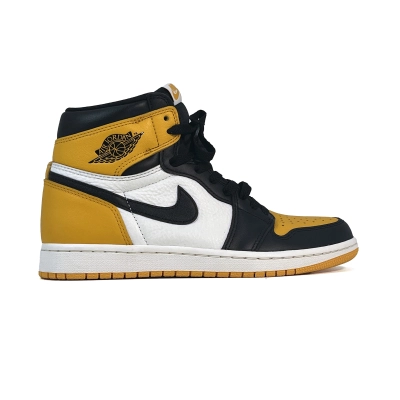 UCOO Batch Air Jordan 1 Retro High OG Taxi 555088-711 02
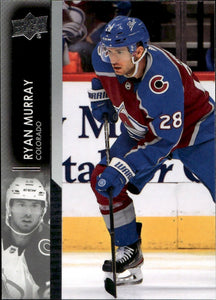 2021-22 Upper Deck Extended Series Hockey - Base #549 Ryan Murray - Colorado Avalanche - A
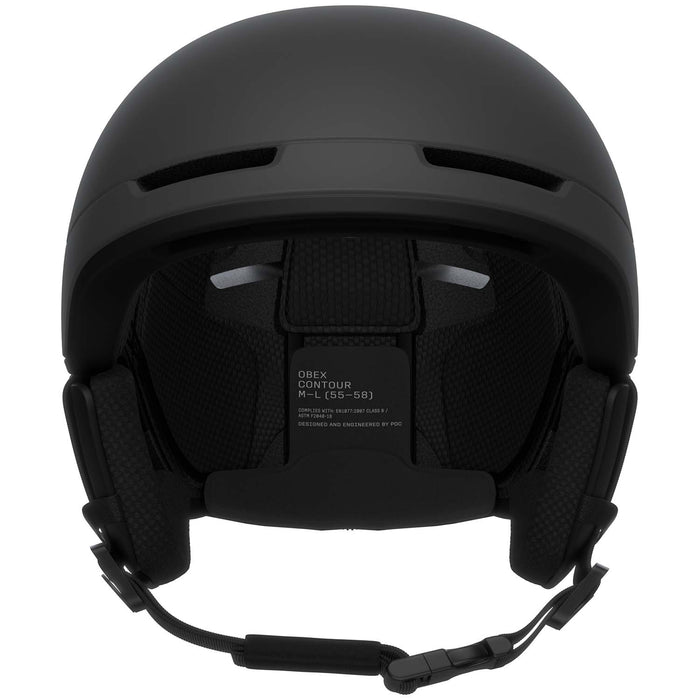 POC Obex Contour Communication MIPS Helmet Sylvanite Grey Matte/Uranium Black Matte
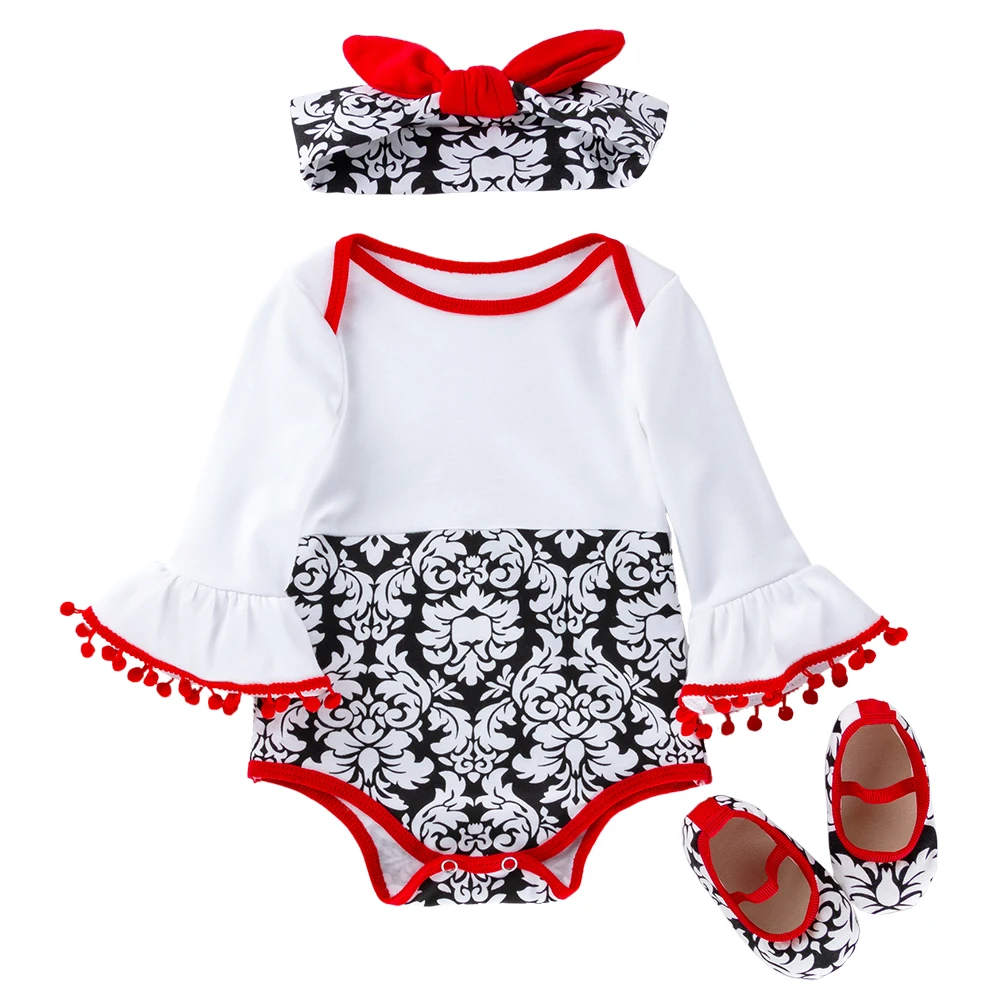Baby Girl Boy Bodysuit Long Sleeve Skull Print Newborn Infant Suit Halloween Costume For Children 0-24 Month Costume+shoes
Baby Girl Boy Bodysuit Long Sleeve Skull Print Newborn Infant Suit Halloween Costume For Children 0-24 Month Costume+shoes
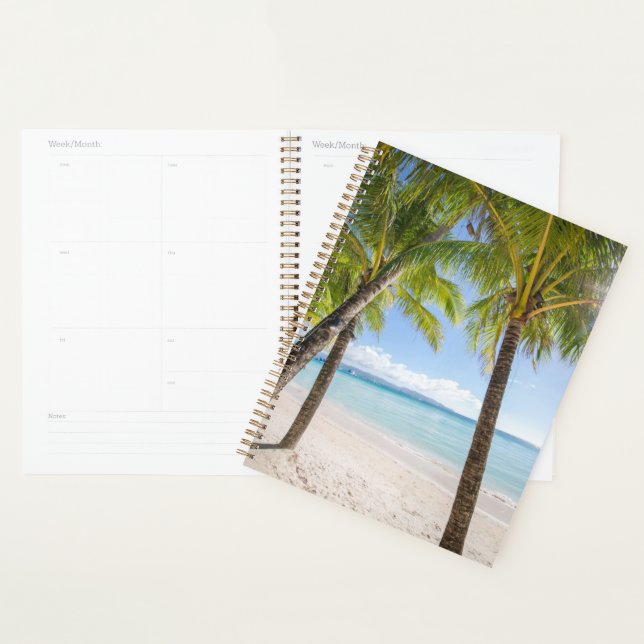 Tropical Beaches | Boracay Philippines Planner (Display)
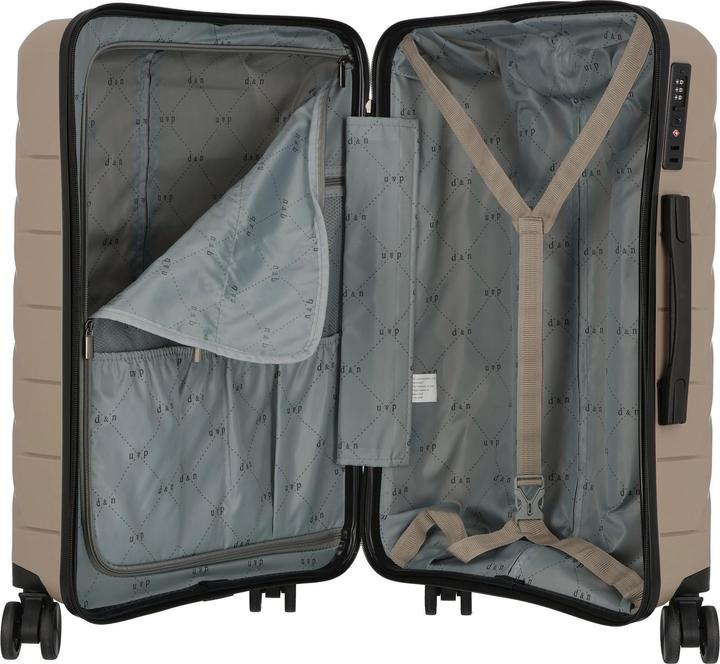 Immagine prodotto D&N Travel Line 4100 4 Rollen Trolley M 64 cm (60 l)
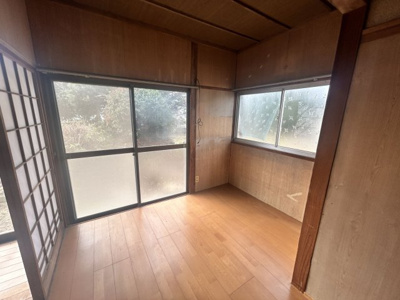 【洋室】 | 橘売家 | 和室と繋がっている洋室です！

> **Your task**:
With all pictures omitted, return the lines from the line containing "Tropical Beaches |" through the closing line of the listing above, exactly and inclusive.

> **Answer section**:
 Tropical Beaches | Boracay Philippines Planner (Display)
 Immagine prodotto D&N Travel Line 4100 4 Rollen Trolley M 64 cm (60 l)
 【洋室】 | 橘売家 | 和室と繋がっている洋室です！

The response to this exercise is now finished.